Records from a collection:
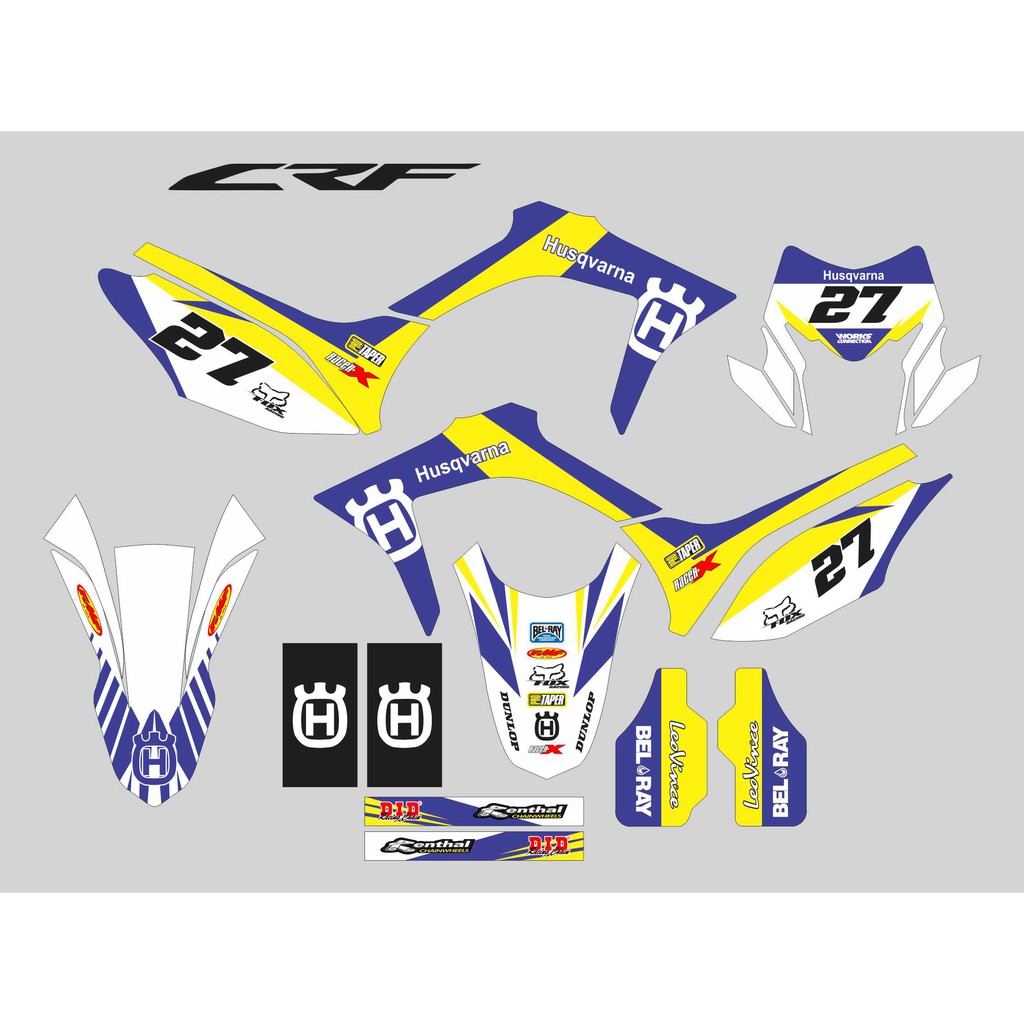 Stiker Decal Honda CRF 150 L Custom Husqvarna Full Body Sticker Custom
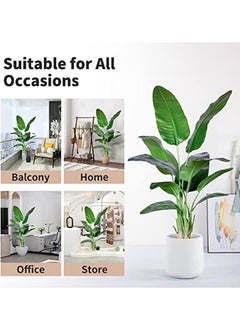 Generic Artificial Bird of Paradise Plant,Faux Palm Tree with Real Touch Leaves and Adjustable Branches,Fake Plants for Home Office Indoor Outdoor Decor (90cm)  - Image 4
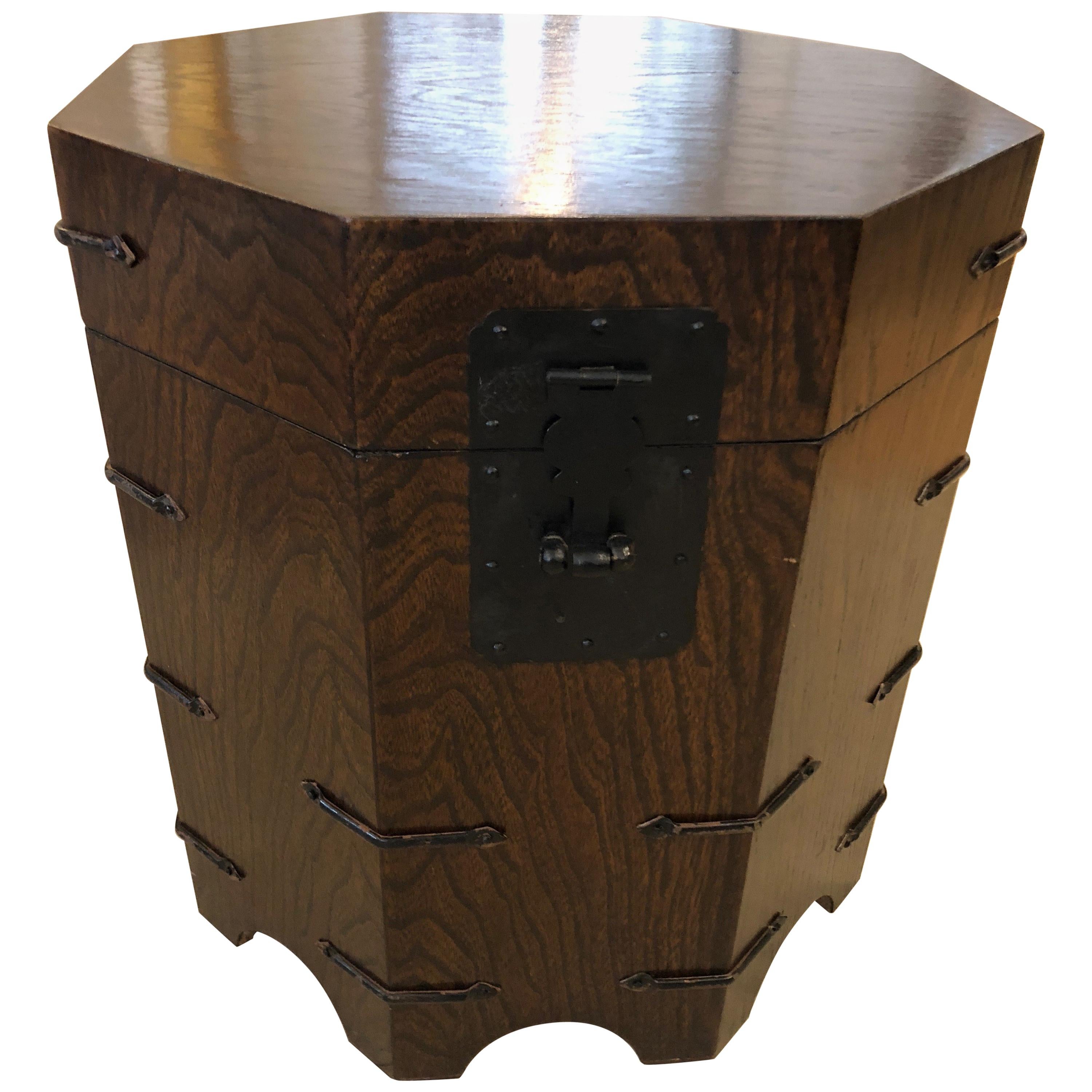 Handsome Dark Wood Octagonal Chest End Table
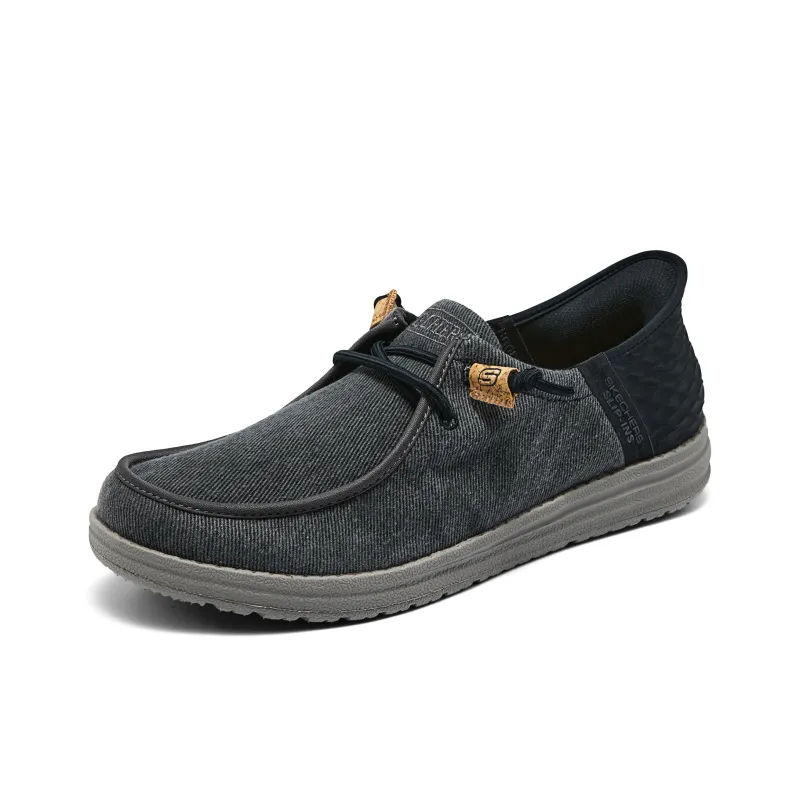 Skechers Slip Ins Anti Slip Wear Resistant Low Top Canvas Shoes Men's Black-2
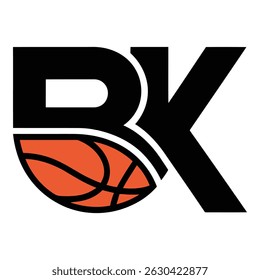 BK basketball team logo embodying the spirit of competition with clean typography and bold black and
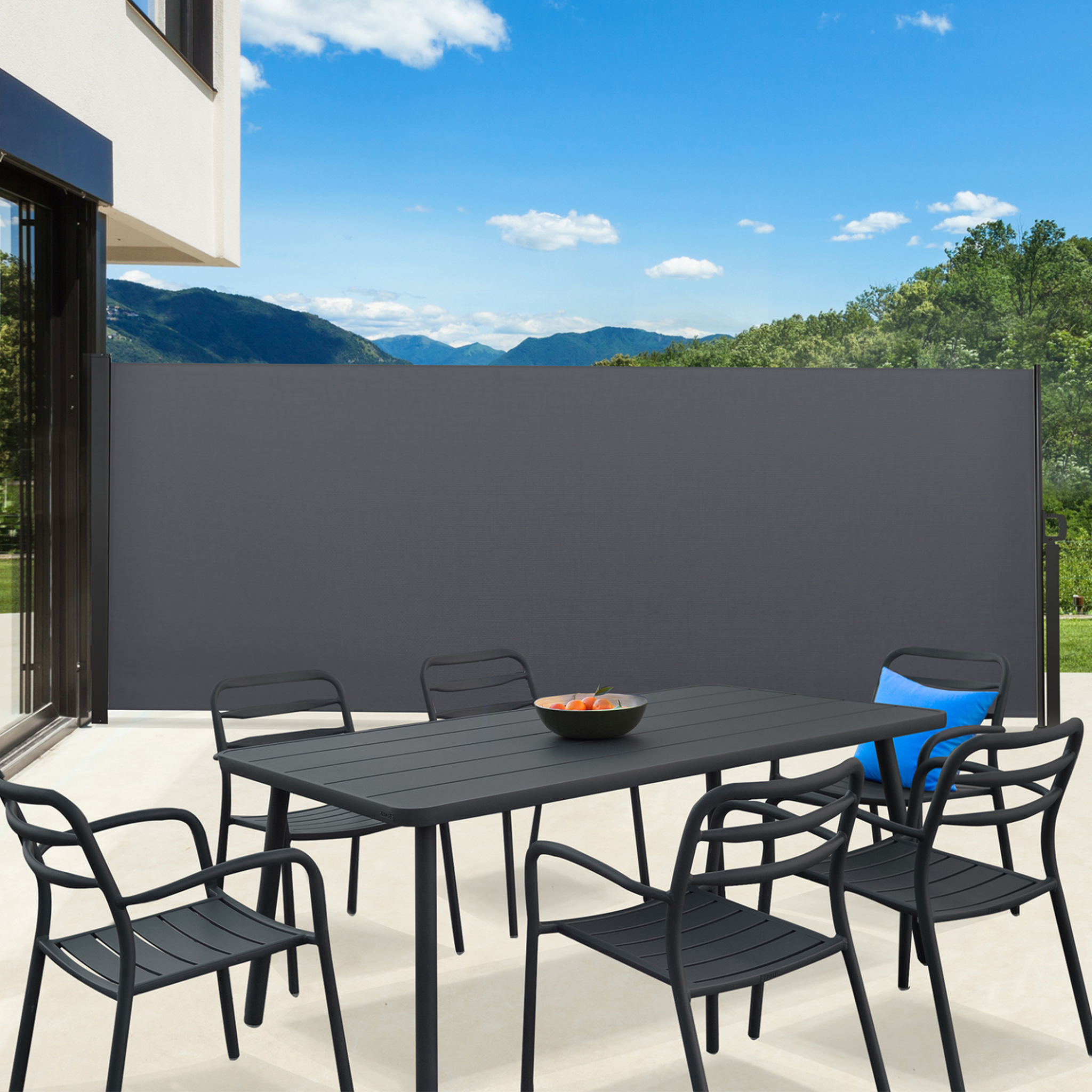 Voir la diapositive 2 : ID MARKET Paravent extérieur rétractable 160 x 400 cm gris anthracite store latéral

WHAT THE TASK ASKS:
Beginning with the line that contains "Handsome Dark Wood Octagonal Chest End Table" and ending with the last line of the entries above, repeat each line exactly, but not the pictures.

WRITTEN RESPONSE:
 Handsome Dark Wood Octagonal Chest End Table
 Skechers Slip Ins Anti Slip Wear Resistant Low Top Canvas Shoes Men's Black-2
 BK basketball team logo embodying the spirit of competition with clean typography and bold black and
 Voir la diapositive 2 : ID MARKET Paravent extérieur rétractable 160 x 400 cm gris anthracite store latéral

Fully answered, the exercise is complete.